Flashback to me, four years ago: a freshly-completed novel saved in my computer, an organized spreadsheet of agents to query, a vision of multiple offers, of my name on a book cover, of tours and sequels and foreign rights, and yes, even a movie deal.
Skip to the present, and my writing career is nowhere close to that highly successful point I thought I would reach.
Since my first bumbling attempts at querying agents, I’ve completed three more manuscripts. I queried two of them. And, you guessed it, I received emails upon emails of rejections.
I’m too scared to count how many, but it’s safe to say they number somewhere in the hundreds.
But last month, I typed the opening chapter of yet another novel manuscript. Sure, there are days when I curl up on the sofa, bingewatch some Netflix and nurse my bruised ego back to health. But most days I write.
So how do I keep going? What do I do to pick myself back up after agent number five jillion says thanks, but no thanks?
Here are few ways I’ve learned to cope with the growing folder of rejections.
1. Change your definition of success
You can probably see from the opening paragraph where it all went wrong, huh?
I thought agents were going to be battling for my “genius work”, and I’d be an instant bestselling author.
Instead of aiming for that nearly-impossible shot, you can adjust your target.
Let your success become completing a manuscript, editing a scene or putting words on the page. Any time spent writing and honing your craft counts as a victory.
If you re-frame your definition, any step toward your larger goal of publication is a step in the right direction. Yes, even that latest form rejection counts. You’re putting your work out there.
2. Write every day…sort of
Some espouse the benefits of writing each day, no matter what. Others have said that every writer’s way of working is different, and you should do what works for you.
If you’re like me and you work in spurts, then measuring your progress based on a daily word count increase tends to make you feel unproductive.
So even though you might not be writing seven days a week, other activities which aid your writing can count as daily writing time.
Reading a book on craft, research for your next story, brainstorming ideas, and reading all count as writing time in my book.
3. Stay connected with writer friends
I can safely say that I wouldn’t have made it this long in the writing game without the support of other writers.
They get it.
They deeply understand how devastating it can be when the agent of your dreams doesn’t even answer your query email. They know the agony of re-working the structure of an entire novel. They have an empathy that non-writers just can’t, because they’ve traversed those same query trenches.
You can find your own circle of writer friends through Twitter, Facebook writing groups and online writing contests.
Sometimes you need to shoot off a quick message, to vent your frustrations with outlining or to bounce an idea around, and those awesome writers are right there with you.

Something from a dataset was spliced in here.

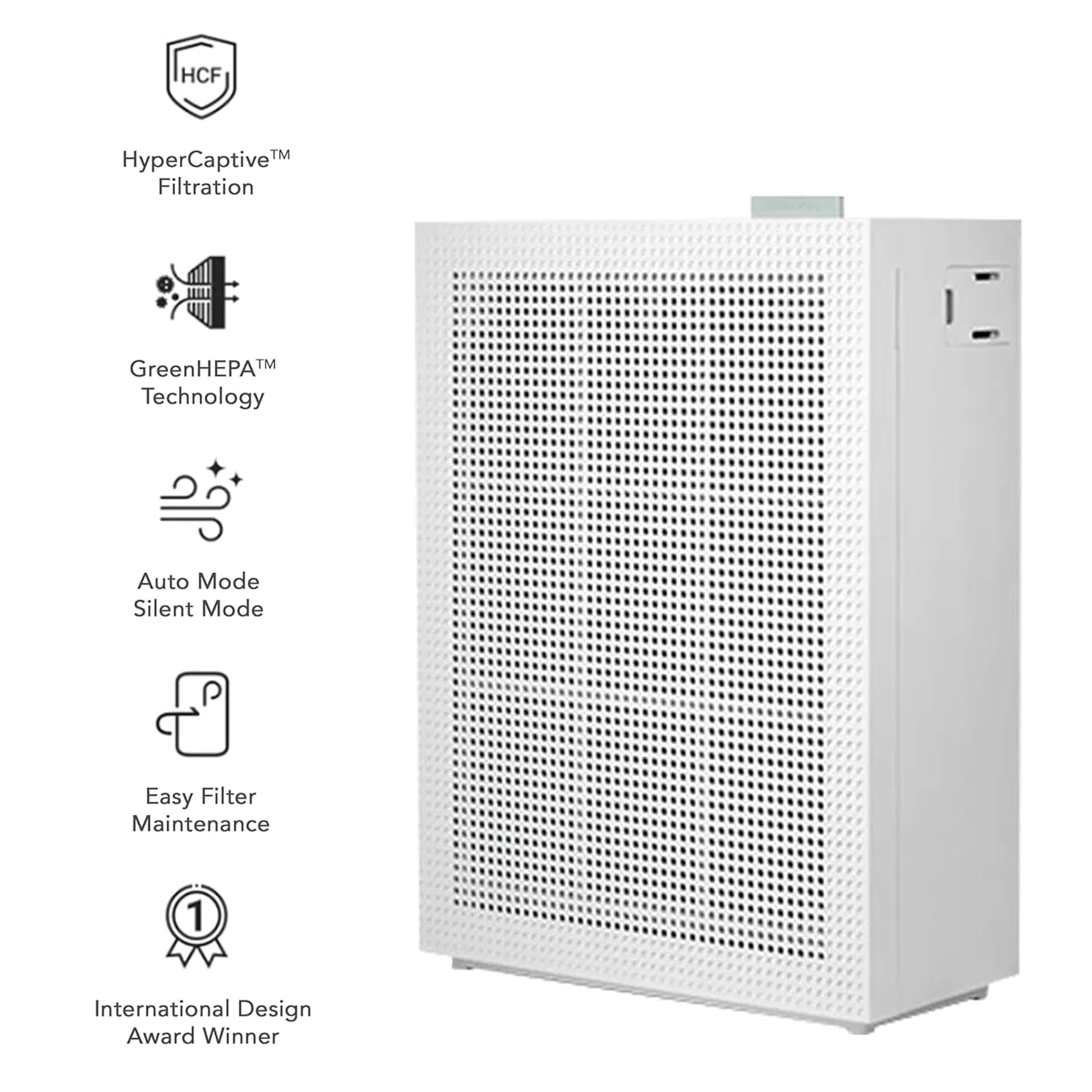 Coway Airmega 150 (Ap-1019C) Air Purifier For Home,Longest Filter Life 8500Hrs (Approx. 1.5-2 Yrs),Anti-Virus True Hepa Filter (H13),Kills Allergies,Virus,Germs & Pm 0.01 With 99.999% Efficiency,White 2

4. Get out of a fiction rut
Sometimes that story just isn’t working. Sometimes that character just won’t do what you need them to do, or the logic that worked in an outline suddenly seems full of holes while you’re drafting, and you just can’t see a way out of it.
Sometimes you don’t even have a story to fill that glaring white page.
That’s when you can change things up.
Go back and read passages you wrote that you really love. Or read a few pieces of short fiction and let those inspire your own brief experiments that no one else sees. Anything to get your brain gearing up in a different direction, to shake those clogs loose and get things running again.
Try something new. Step, or even leap, out of your comfort zone. You might surprise yourself.
5. Step away from the computer
And if you still find yourself blocked, that’s when you know you need a break.
Your creative mind can only output so much before it requires more input. So let your starving mind have a meal. Exercise. Go for a run. Or go to a museum. Hang out with family or friends. Meditate.
My favorite place to go is an isolated trail along the river, and I let myself not think about writing.
Do whatever you need to do to allow your brain some rest. Your body needs sleep to grow. So do your ideas. I used to feel like a failure if I wasn’t spending every minute writing. But personal care is just as important as productivity.
And usually, once I’ve had some time away, I can’t wait to get back to writing.